=== Data shown ===

- Opening Delimiter -

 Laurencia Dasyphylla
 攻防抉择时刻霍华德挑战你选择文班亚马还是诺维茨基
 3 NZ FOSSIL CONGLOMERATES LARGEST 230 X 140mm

- Closing Delimiter -
- Opening Delimiter -

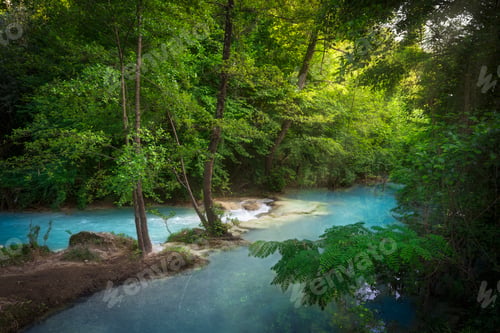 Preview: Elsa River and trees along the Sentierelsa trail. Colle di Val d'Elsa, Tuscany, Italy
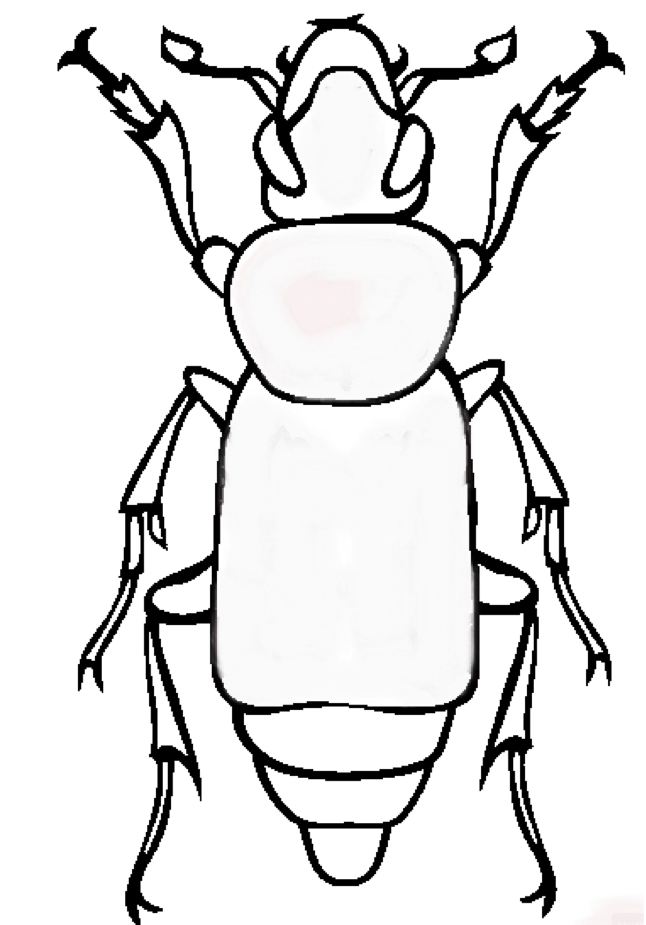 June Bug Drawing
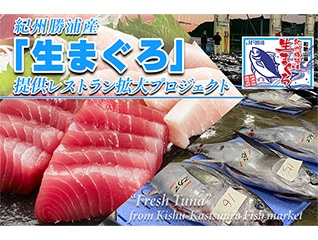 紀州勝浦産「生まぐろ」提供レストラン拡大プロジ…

- Closing Delimiter -
- Opening Delimiter -

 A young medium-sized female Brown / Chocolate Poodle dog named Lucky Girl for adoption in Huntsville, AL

- Closing Delimiter -

=== Your objective ===
Copy out, word for word, the part of the entries above that begins at the line with "Laurencia Dasyphylla" and ends at the line with "3 NZ FOSSIL", including both.

=== Exercise response ===
 Laurencia Dasyphylla
 攻防抉择时刻霍华德挑战你选择文班亚马还是诺维茨基
 3 NZ FOSSIL CONGLOMERATES LARGEST 230 X 140mm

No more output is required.